As many of you know, I lost my mother in the Spring of 2017. So, I have gotten past the one year mark. And I have learned some very interesting things about grief. Some of which I have blogged about in the months following her death. Some that I have only come to learn in the last couple of months.
As time passes, I have a better taste, I believe, of what life will look like without her…what it will look like to carry on and grieve her in the years to come. And I would like to share some of those insights.
Something shifts right around that one year mark. And things do change. There comes some kind of acceptance. Not that it’s okay that your loved one, or my mother, is gone. But that it’s okay to move on in the grieving process, to move on with life.
You realize that, while you will never get over losing your loved one, you can get through it. You might wonder ‘what is the difference?’. I think that when you lose someone so close to you, they will always be a part of you. There will always be those moments when you catch yourself in a memory…but that won’t always mean that the memory brings pain and tears. Eventually, you will be able to remember them and smile more often than not…think of them fondly.
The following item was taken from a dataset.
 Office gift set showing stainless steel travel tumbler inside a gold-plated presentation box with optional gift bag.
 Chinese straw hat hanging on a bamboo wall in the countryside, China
The sting of the loss becomes more of a dull ache. When I reflect on my mother’s passing, it is no longer the sharp stab of pain. It doesn’t bring deep sorrow. There is an ache there, but I am able to, again, remember her well and share those memories with my husband or my kids and reminisce. This gives those moments purpose.
You probably will still have crying spells. It’s not all sunshine and roses. I pass the cemetery where my mother has been laid to rest every day. I press my hand to the window as if to reach out to her. A quiet sadness touches my heart and I miss her. As well, when my sister laughs, I hear my mother. She shares so many commonalities with my mother it surprises me. Her smile and laughter are just a couple. But it stirs my heart when my sister laughs. It pulls me from the moment and takes me back to moments shared with my mom. And there is the ache. But I choose to let my lips lift and share the joy of the moment both in the memory and in the present. And celebrate my mom living on.
These are just a few of the things I’ve come to find as the days blend into weeks and time marches onward. But they have been true for me. How about you? Are there insights you have gleaned from a loss that you would like to share?